Give again the entries below exactly, beginning at the first line and ending at the line with "Watermelon Rock Candy".
★ ★ ★ ★ ★ ★ ★
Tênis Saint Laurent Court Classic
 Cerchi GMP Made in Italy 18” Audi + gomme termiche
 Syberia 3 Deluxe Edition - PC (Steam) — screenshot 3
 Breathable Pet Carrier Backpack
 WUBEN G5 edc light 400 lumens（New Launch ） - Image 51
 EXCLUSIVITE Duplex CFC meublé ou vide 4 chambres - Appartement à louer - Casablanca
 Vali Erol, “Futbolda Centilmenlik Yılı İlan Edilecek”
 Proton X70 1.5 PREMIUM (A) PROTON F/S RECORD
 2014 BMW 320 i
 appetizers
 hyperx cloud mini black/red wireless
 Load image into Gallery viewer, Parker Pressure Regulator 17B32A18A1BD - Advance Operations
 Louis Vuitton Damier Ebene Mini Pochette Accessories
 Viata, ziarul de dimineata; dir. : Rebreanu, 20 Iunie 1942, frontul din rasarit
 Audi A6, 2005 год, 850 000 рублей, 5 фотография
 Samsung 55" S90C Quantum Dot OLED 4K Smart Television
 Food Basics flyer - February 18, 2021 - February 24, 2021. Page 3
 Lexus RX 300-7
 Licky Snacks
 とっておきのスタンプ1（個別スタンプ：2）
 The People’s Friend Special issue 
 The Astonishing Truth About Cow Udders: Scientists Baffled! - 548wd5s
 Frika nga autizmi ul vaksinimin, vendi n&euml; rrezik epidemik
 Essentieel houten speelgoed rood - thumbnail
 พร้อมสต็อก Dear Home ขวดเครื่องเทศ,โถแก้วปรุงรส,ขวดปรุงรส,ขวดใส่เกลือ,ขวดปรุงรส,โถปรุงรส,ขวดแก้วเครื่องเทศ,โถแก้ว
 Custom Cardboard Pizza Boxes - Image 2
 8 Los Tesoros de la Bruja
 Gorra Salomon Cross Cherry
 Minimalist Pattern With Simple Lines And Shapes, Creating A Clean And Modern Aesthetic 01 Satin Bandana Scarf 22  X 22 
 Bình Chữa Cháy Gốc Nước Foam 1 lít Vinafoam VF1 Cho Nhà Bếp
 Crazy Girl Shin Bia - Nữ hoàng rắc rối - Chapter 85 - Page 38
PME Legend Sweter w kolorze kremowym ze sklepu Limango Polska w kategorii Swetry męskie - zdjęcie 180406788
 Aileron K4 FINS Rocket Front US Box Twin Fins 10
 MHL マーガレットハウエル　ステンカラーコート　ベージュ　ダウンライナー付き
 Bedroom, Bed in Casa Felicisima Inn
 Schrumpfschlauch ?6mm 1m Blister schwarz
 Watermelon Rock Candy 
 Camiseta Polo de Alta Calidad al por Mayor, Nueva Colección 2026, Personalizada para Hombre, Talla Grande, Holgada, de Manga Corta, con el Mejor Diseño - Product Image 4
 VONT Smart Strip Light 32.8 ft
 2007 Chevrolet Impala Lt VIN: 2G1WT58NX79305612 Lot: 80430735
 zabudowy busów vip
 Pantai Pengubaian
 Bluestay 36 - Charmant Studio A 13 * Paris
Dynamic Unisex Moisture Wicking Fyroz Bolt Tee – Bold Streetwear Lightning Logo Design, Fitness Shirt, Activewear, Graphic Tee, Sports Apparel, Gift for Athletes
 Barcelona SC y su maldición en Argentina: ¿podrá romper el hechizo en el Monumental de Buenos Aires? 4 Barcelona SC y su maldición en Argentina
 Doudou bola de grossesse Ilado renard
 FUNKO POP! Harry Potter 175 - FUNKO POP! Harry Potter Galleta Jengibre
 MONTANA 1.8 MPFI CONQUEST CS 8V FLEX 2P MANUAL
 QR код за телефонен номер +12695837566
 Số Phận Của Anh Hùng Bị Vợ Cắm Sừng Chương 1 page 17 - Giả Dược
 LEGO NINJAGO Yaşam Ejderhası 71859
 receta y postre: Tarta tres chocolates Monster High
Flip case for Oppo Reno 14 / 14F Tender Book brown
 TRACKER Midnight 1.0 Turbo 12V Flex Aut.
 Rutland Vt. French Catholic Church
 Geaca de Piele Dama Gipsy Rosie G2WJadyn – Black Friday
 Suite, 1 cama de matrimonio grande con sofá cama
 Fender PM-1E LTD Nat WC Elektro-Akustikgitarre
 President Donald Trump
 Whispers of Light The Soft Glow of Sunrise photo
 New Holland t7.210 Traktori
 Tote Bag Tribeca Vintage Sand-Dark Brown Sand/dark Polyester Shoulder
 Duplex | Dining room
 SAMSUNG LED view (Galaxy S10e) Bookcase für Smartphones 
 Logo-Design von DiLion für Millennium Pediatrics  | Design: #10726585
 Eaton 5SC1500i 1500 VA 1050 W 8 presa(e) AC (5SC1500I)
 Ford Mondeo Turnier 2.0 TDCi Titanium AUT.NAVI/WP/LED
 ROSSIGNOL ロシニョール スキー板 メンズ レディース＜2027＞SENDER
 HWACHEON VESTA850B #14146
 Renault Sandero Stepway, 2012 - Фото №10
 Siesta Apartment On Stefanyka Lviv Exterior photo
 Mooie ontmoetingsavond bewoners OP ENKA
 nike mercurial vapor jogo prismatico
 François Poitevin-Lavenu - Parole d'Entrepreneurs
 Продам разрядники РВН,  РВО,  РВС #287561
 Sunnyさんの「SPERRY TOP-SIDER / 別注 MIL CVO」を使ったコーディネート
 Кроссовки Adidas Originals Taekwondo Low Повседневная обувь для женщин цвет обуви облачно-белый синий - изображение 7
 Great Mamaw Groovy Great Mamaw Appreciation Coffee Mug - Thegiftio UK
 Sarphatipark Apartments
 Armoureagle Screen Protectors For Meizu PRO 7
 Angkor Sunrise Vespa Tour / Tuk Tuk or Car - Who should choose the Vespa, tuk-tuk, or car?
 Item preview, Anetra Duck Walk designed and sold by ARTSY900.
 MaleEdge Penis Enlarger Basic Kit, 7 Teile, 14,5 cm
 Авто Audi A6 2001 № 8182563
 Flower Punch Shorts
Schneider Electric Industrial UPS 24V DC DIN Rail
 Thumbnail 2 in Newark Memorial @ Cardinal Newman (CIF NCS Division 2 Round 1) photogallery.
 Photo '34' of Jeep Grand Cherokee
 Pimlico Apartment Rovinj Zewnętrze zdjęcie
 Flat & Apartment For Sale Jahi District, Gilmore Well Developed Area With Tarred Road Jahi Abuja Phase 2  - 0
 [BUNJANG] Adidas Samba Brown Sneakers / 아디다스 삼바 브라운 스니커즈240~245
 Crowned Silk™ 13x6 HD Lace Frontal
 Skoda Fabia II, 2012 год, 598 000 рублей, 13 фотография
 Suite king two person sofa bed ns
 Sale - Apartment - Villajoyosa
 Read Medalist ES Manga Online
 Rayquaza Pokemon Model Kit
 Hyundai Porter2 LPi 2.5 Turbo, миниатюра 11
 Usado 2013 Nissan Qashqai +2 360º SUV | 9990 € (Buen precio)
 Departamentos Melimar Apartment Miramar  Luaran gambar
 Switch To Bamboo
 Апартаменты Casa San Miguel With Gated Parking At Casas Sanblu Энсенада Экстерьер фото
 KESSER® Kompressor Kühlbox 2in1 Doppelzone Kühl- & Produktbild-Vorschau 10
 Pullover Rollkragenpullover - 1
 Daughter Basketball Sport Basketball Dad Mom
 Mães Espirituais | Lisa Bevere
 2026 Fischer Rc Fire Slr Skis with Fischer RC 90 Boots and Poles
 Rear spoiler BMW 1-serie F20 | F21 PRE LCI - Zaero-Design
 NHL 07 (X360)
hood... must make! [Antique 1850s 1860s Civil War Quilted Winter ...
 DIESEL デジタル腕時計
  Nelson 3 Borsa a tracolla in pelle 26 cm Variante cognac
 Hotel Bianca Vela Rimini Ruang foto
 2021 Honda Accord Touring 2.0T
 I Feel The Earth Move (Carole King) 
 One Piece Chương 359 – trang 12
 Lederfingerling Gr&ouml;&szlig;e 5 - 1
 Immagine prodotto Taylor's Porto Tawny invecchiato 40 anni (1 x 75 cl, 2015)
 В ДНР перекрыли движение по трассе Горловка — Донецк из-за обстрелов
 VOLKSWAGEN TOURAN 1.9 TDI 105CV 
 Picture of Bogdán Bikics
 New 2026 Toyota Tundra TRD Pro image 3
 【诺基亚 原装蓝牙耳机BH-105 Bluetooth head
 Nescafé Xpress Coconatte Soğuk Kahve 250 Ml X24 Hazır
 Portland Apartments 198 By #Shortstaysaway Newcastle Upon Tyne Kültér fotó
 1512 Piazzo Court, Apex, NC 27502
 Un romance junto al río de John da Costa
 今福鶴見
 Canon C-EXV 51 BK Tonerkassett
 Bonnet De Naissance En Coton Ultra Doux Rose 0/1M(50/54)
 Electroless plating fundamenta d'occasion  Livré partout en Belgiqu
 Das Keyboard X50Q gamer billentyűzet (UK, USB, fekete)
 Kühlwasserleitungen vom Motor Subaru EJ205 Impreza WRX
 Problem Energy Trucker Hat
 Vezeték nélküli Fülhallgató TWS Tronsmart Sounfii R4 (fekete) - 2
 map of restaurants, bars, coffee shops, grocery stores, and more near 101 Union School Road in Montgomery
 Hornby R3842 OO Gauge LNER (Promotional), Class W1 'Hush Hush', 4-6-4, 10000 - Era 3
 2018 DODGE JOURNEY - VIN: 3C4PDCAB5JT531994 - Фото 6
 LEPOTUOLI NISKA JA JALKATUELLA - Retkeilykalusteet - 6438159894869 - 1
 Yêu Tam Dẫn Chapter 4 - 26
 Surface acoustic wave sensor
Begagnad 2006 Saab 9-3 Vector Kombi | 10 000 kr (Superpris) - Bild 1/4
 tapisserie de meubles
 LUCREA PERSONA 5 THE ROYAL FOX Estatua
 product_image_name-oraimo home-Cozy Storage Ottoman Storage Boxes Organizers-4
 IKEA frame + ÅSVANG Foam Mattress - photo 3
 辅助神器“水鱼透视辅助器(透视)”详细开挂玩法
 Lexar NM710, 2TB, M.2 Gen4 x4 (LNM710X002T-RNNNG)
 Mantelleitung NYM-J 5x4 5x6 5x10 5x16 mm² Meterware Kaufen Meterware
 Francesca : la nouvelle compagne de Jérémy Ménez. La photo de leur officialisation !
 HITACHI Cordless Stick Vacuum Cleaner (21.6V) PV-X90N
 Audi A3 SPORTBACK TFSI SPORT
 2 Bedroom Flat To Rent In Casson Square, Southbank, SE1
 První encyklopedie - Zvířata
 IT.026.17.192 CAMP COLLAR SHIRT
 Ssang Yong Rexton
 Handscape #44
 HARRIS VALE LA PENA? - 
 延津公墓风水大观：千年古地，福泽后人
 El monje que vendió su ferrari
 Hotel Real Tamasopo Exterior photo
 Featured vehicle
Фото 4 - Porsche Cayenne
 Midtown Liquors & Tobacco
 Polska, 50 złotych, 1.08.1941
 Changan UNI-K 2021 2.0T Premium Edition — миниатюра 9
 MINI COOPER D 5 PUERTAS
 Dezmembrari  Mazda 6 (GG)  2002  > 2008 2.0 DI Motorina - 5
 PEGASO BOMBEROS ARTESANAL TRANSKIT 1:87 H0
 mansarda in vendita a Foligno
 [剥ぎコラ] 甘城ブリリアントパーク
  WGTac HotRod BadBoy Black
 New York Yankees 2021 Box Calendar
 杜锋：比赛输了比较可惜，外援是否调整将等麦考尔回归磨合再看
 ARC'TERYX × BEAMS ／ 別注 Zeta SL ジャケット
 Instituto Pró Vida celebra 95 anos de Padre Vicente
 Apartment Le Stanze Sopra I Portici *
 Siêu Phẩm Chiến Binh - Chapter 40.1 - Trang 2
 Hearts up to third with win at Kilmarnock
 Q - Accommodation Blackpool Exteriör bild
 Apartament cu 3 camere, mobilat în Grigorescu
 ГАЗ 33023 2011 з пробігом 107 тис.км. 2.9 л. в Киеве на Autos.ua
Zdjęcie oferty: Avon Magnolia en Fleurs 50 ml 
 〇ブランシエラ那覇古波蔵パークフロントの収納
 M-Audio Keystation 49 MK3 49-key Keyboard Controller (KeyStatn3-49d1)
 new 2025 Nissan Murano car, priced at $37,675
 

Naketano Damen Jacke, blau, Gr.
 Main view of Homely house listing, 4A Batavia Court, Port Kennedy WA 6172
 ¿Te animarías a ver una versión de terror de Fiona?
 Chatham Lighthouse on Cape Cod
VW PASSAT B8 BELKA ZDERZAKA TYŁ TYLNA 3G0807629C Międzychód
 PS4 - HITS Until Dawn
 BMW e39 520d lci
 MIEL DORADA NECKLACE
★ ★ ★ ★ ★ ★ ★
• [ANSWER TO THIS EXERCISE]:
Tênis Saint Laurent Court Classic
 Cerchi GMP Made in Italy 18” Audi + gomme termiche
 Syberia 3 Deluxe Edition - PC (Steam) — screenshot 3
 Breathable Pet Carrier Backpack
 WUBEN G5 edc light 400 lumens（New Launch ） - Image 51
 EXCLUSIVITE Duplex CFC meublé ou vide 4 chambres - Appartement à louer - Casablanca
 Vali Erol, “Futbolda Centilmenlik Yılı İlan Edilecek”
 Proton X70 1.5 PREMIUM (A) PROTON F/S RECORD
 2014 BMW 320 i
 appetizers
 hyperx cloud mini black/red wireless
 Load image into Gallery viewer, Parker Pressure Regulator 17B32A18A1BD - Advance Operations
 Louis Vuitton Damier Ebene Mini Pochette Accessories
 Viata, ziarul de dimineata; dir. : Rebreanu, 20 Iunie 1942, frontul din rasarit
 Audi A6, 2005 год, 850 000 рублей, 5 фотография
 Samsung 55" S90C Quantum Dot OLED 4K Smart Television
 Food Basics flyer - February 18, 2021 - February 24, 2021. Page 3
 Lexus RX 300-7
 Licky Snacks
 とっておきのスタンプ1（個別スタンプ：2）
 The People’s Friend Special issue 
 The Astonishing Truth About Cow Udders: Scientists Baffled! - 548wd5s
 Frika nga autizmi ul vaksinimin, vendi n&euml; rrezik epidemik
 Essentieel houten speelgoed rood - thumbnail
 พร้อมสต็อก Dear Home ขวดเครื่องเทศ,โถแก้วปรุงรส,ขวดปรุงรส,ขวดใส่เกลือ,ขวดปรุงรส,โถปรุงรส,ขวดแก้วเครื่องเทศ,โถแก้ว
 Custom Cardboard Pizza Boxes - Image 2
 8 Los Tesoros de la Bruja
 Gorra Salomon Cross Cherry
 Minimalist Pattern With Simple Lines And Shapes, Creating A Clean And Modern Aesthetic 01 Satin Bandana Scarf 22  X 22 
 Bình Chữa Cháy Gốc Nước Foam 1 lít Vinafoam VF1 Cho Nhà Bếp
 Crazy Girl Shin Bia - Nữ hoàng rắc rối - Chapter 85 - Page 38
PME Legend Sweter w kolorze kremowym ze sklepu Limango Polska w kategorii Swetry męskie - zdjęcie 180406788
 Aileron K4 FINS Rocket Front US Box Twin Fins 10
 MHL マーガレットハウエル　ステンカラーコート　ベージュ　ダウンライナー付き
 Bedroom, Bed in Casa Felicisima Inn
 Schrumpfschlauch ?6mm 1m Blister schwarz
 Watermelon Rock Candy 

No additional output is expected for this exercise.